What does ACI 318-19 Section 14.5.6.1 cover for plain concrete bearing?

Section 14.5.6.1 gives the nominal bearing strength equations for plain (unreinforced) concrete members. The code distinguishes two cases: where the supporting surface is wider on all sides than the loaded area, allowing a confinement-based strength increase, and all other cases where no increase is permitted. The base expression in both cases is 0.85 f'c A1, which reflects the empirical upper limit on local compressive stress a plain concrete section can sustain.

Why does bearing strength increase when the supporting surface is wider than the loaded area?

When concrete surrounds or extends beyond the loaded footprint, confinement from the surrounding material resists lateral expansion under load, allowing higher local stress before crushing. ACI captures this with the sqrt(A2/A1) multiplier on the base term.
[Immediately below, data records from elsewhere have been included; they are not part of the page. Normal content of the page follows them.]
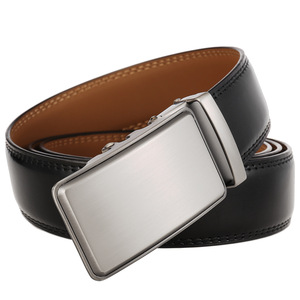 Cinturones <span class=keywords><strong>de</strong></span> <span class=keywords><strong>Cuero</strong></span> para <span class=keywords><strong>Hombre</strong></span>, Cinturón con Hebilla <span class=keywords><strong>de</strong></span> Trinquete, Venta al <span class=keywords><strong>por</strong></span> <span class=keywords><strong>Mayor</strong></span> <span class=keywords><strong>de</strong></span> Fábrica, Diseño Personalizado - Product Image 2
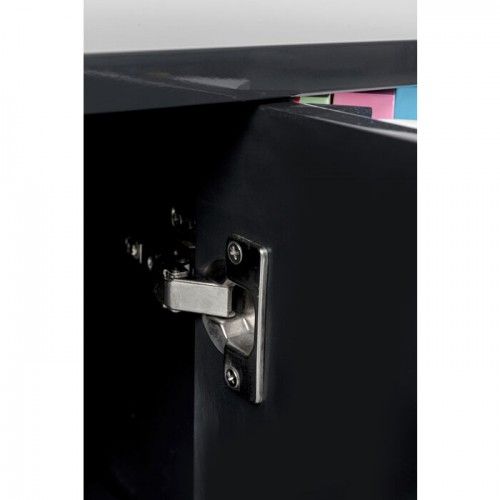 Aparador CONCERTINA frente multicolor KARE Design — detalle de bisagra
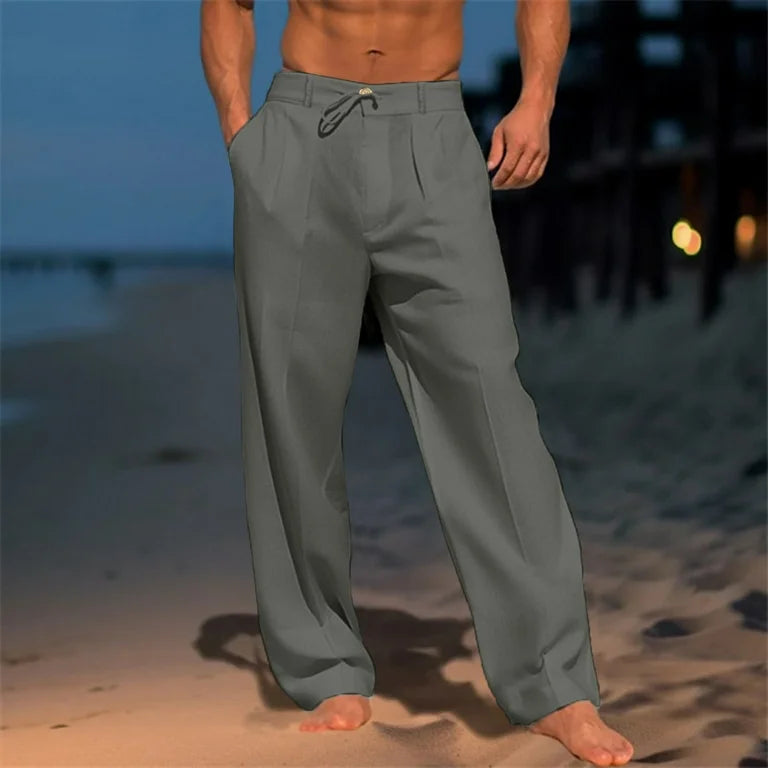Andrei | Light Plain Trousers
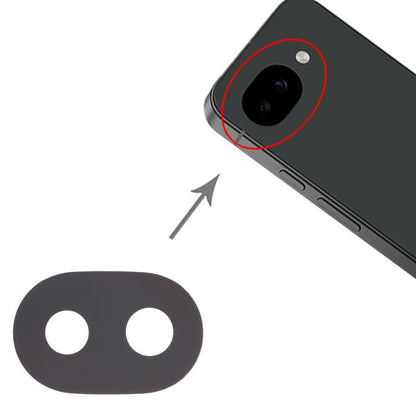 Objectif de caméra arrière pour Google Pixel 10a (10 pièces), For Google Pixel 10a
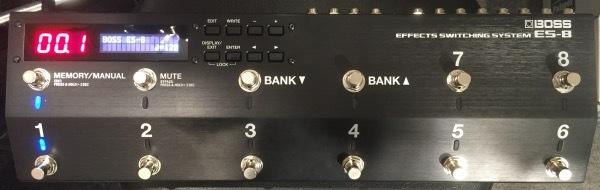 プログラマブル・スイッチャーでシステム構築してみた。 ES-8編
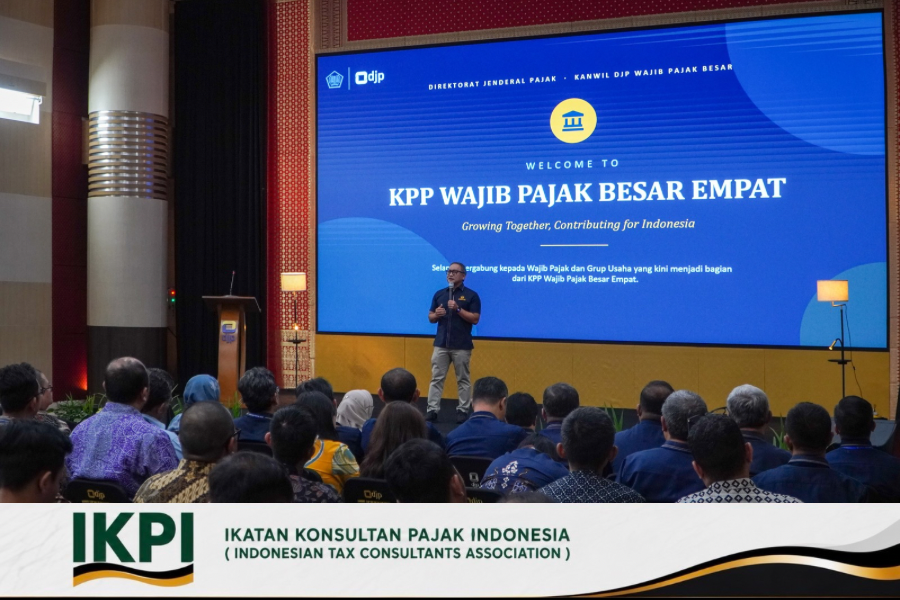 KPP Wajib Pajak Besar Empat Gandeng 310 Wajib Pajak Baru Perkuat Kepatuhan dan Amankan Penerimaan Pajak 2026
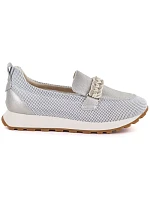 Dámské kožené polobotky sportovní lords gold Cambell 19392 Dámské kožené polobotky sportovní lords gold Cambell 19392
The factor is capped at 2.0 by requiring the lesser of case (a) and case (b), so the nominal strength can never exceed twice the unconfined base value regardless of how large A2 is relative to A1.
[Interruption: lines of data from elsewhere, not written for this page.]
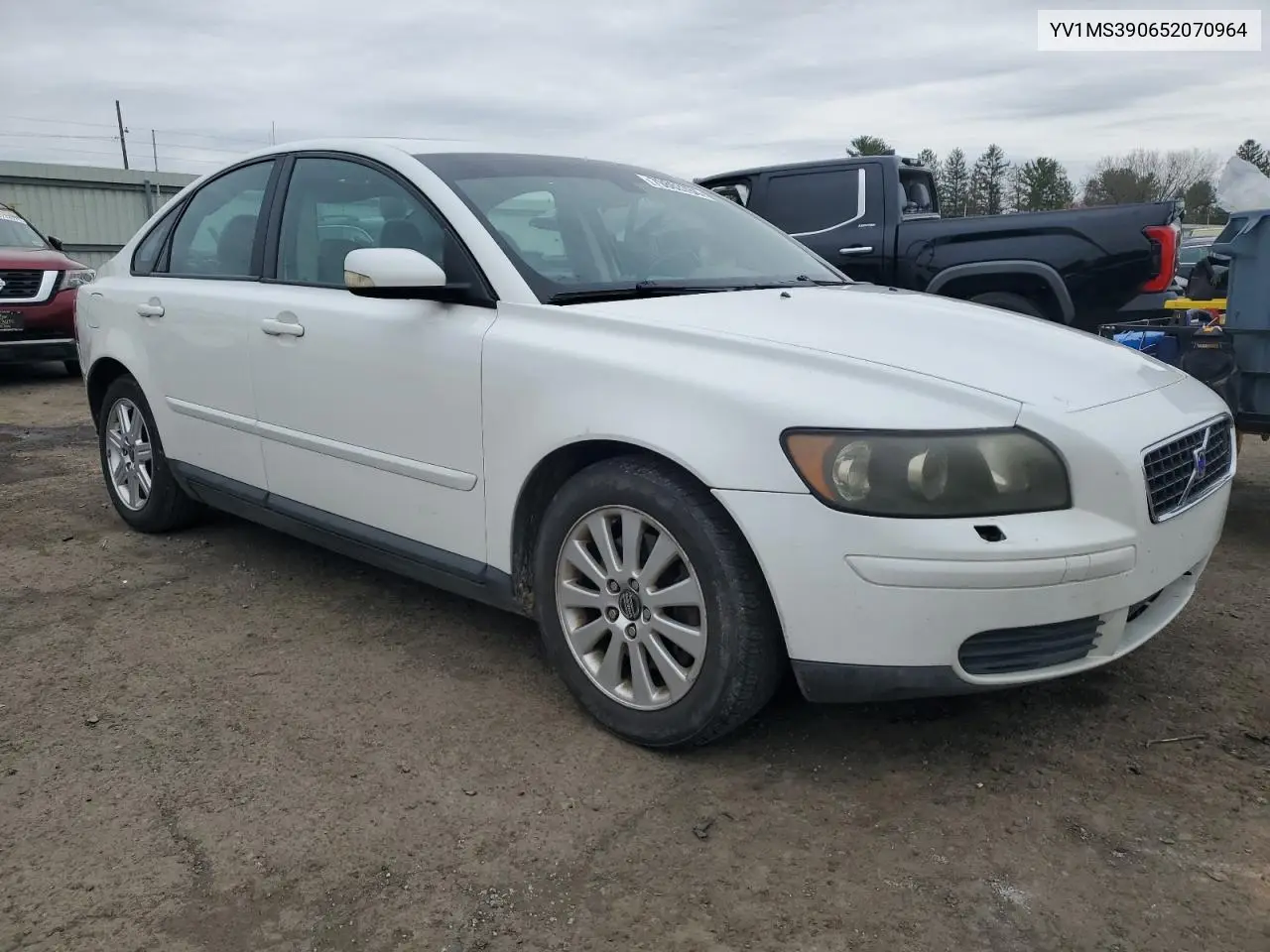 2005 Volvo S40 2.4I VIN: YV1MS390652070964 Lot: 79863784
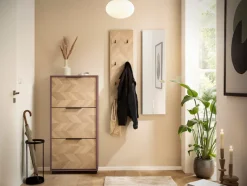 Schildmeyer Garderobenpaneel »Piazza, Garderobenpaneel, Made in Germany, B: 30 cm« 1 Stk. tlg. Solide Verarbeitung - Dieses Produkt ist in Deutschland gefertigt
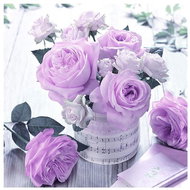 Goba Napkins Roses vintage 13316356 - Paper Napkins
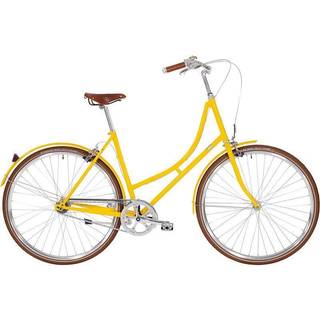 Bike By Gubi Dame Gul - 2025 - Retro cykler til damer - 52 cm
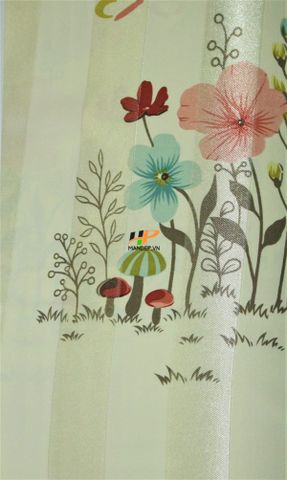 Rèm Cửa Vải Gấm Lụa M3613-8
What strength reduction factor phi should I use for plain concrete bearing?

ACI 318-19 assigns phi = 0.60 for plain concrete in most cases, but some practitioners use 0.65 depending on project-specific interpretations or governing load combinations. This calculation leaves phi as a user-defined input so you can match your project requirements or local code interpretation directly. Check ACI 318-19 Table 21.2.1 and your engineer-of-record's direction before finalizing the value.

How do I determine A1 and A2 correctly for this calculation?

A1 is the contact area between the applied load and the concrete surface, for example the base plate area or column footprint. A2 is the area of the supporting surface measured on a plane at the same level as A1, projected from the edges of the loaded area at a 2:1 slope if the support is a footing or pedestal. If the supporting surface is not wider on all sides, select "No" in the dropdown and A2 is ignored entirely.

What is the utilization ratio and how should I interpret it?

Utilization is Pu divided by phi Bn. A value at or below 1.0 means the factored demand does not exceed design bearing strength and the check passes. A value above 1.0 is a fail, meaning you need to increase the loaded area, increase concrete strength, or reduce the applied load. Keeping utilization noticeably below 1.0 also provides margin for load uncertainty or future load increases.

Can this calculation be used for reinforced concrete bearing checks?

No. This template applies specifically to plain concrete members per ACI 318-19 Chapter 14. For reinforced concrete columns, pedestals, or footings, bearing strength is checked under ACI 318-19 Section 22.8, which uses similar base expressions but applies reinforced concrete phi factors and interacts with development length and dowel requirements. Use the appropriate reinforced concrete template for those cases.